I am looking at the solution of a problem from Rene Schilling's Brownian Motion.
Here, I don't understand how to get the second decomposition of the sums. That is, in the second and third group of sums, it seems like the only difference is in the first term, where $\sum\sum\sum\sum_{j<k<l<m}\delta_j \delta_k \delta_l \delta_m$ is replaced by $ \big(\sum_j \delta_j\big)^4$ with the same constant $c_{1,1,1,1}^{'}$ in front, and in the other terms, the structure of the sums are the same except the constants are changed. So there must be some manipulation of constants and sums, however, I can't figure out what it is. I would greatly appreciate any help.

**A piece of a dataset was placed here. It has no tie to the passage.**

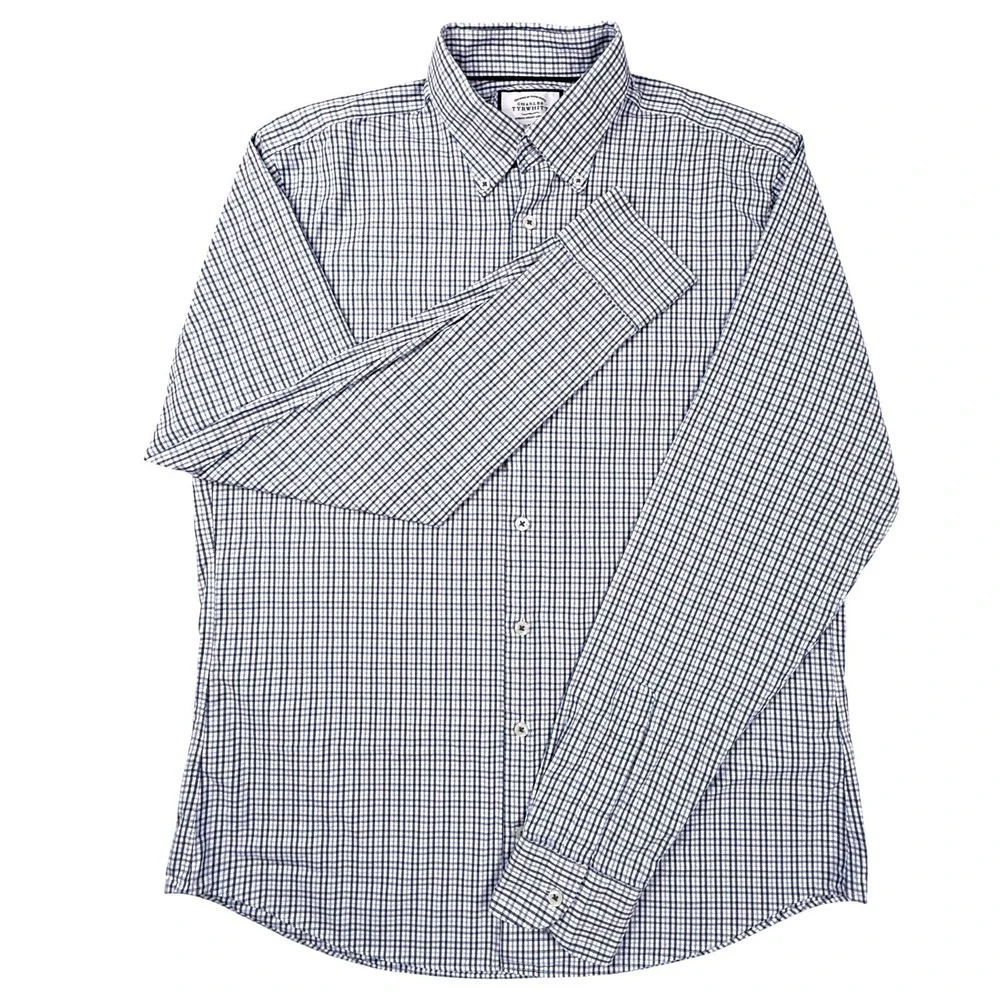 Charles Tyrwhitt Slim Fit Non-Iron Blue White Micro Check Mens 16.5 38 42 97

I'll do a two-variable analogue. Suppose we had $$\newcommand{\de}{\delta}a\sum_{j<k}\de_j\de_k+b\sum_j\de_j^2.$$ This equals \begin{align} \frac{a}2\sum_{j\ne k}\de_j\de_k+b\sum_j\de_j^2 &=\frac{a}2\sum_{j,k}\de_j\de_k-\frac a2\sum_j\de_j^2+b\sum_j\de_j^2\\ &=\frac{a}2\left(\sum_{j}\de_j\right)^2+\left(b-\frac a2\right) \sum_j\de_j^2. \end{align}
The four variable version is similar, but with more fiddly details. (I don't blame the author for wanting to suppress them!)